Apple App Attest and Secure Enclave
ZCAM uses the Secure Enclave to store signing keys and Apple's App Attest service to ensure that a photo was signed by the ZCAM SDK.
App Attest is designed to let backend services verify that requests are coming from a legitimate app. It works by generating a signing keypair in the device's secure enclave that only the specific app can access. Apple then attests that the keypair was generated on that app and that the app itself has not been tamepred such that any subsequent signatures are guaranteed to originate from it.

The App Attest protocol provides an attestation from Apple's servers, bound to a unique nonce and the public key of the secure enclave keypair. The app attaches this attestation to requests so the receiving service can verify authenticity.
ZCAM uses App Attest differently in two ways:
- The nonce is unique per photo and is derived on the device itself, rather than received from a backend service.
- The attestation can be verified directly (bindings verification) or inside a zero-knowledge proof (ZK verification), rather than by a backend service.
The Secure Enclave is a coprocessor in Apple devices that provides an isolated environment for cryptographic operations. Keys stored in the Secure Enclave cannot be extracted or copied, are protected even if the device is compromised, and can only be used by the app that created them. ZCAM stores both the device key (for signing photo hashes) and the content key (for signing C2PA manifests) in the Secure Enclave. This ensures that even if an attacker gains device access, they cannot forge signatures using the ZCAM signing key.
C2PA
ZCAM uses C2PA to embed attestation data (and optionally zero-knowledge proofs), proving that the photo was taken on an iPhone and signed using a secure enclave key that only the ZCAM SDK can access.

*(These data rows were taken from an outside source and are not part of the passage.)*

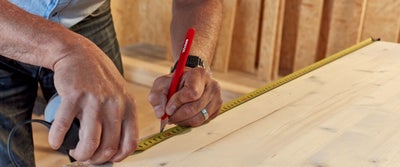 7._Measuring_and_marking_timber.jpg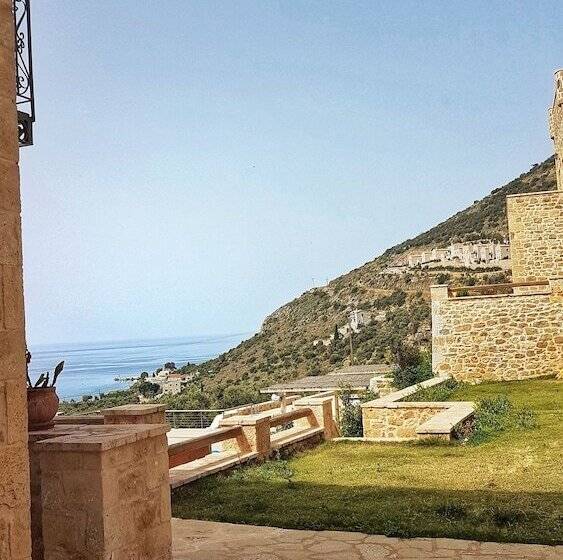 Полулюкс Вид на Сад, Brazzo Di Maina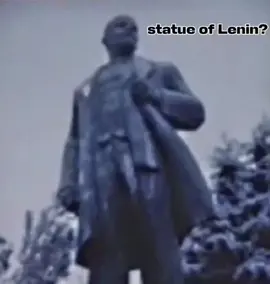Дарт Алексеевич Вейдер (укр. Дарт Олексійович Вейдер; урожд. Виктор Алексеевич Шевченко[2][3][4]; род. 10 января 1956, Колыбань, Гомельская область) — украинский политик, заместитель главы Интернет-партии Украины, эксплуатирующий образ персонажа из «Звёздных войн». Пытался стать кандидатом на выборах президента Украины в 2014 году от Интернет-партии Украины[5]. ЦИК Украины отказала ему в регистрации[2][6]. #одеса #2014 #дартвейдер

See the C2PA page for in-depth information on C2PA and how ZCAM uses C2PA.
SP1 Zero-Knowledge Proofs
Zero-knowledge proofs let one party prove to another that a statement is true without revealing anything beyond the statement's validity.
ZCAM uses SP1, Succinct's zero-knowledge virtual machine (zkVM). SP1 proves the correct execution of programs compiled for the RISC-V architecture, meaning it can run and prove programs written in Rust, C++, C, or any language that compiles to RISC-V.
SP1 offers three key benefits:
- Maintainability: Write ZK programs in standard Rust without custom DSLs or complex circuits
- Faster Development: Skip months of low-level ZK engineering
- Performance: State-of-the-art proving speed and efficiency, benchmarked in production
In ZCAM, SP1 generates proofs that verify the photo was signed with a valid Apple App Attest key, the signature matches the photo hash, and the attestation chain is valid. These proofs are small, fast to verify, and don't reveal the underlying attestation data.
As mentioned above, zero knowledge proofs are optional. You can use ZCAM with bindings verification alone. ZK proofs add privacy guarantees but require internet access to request proofs from the Succinct Prover Network. There is also higher latency given the time required for the network to prove the verification of an attestation.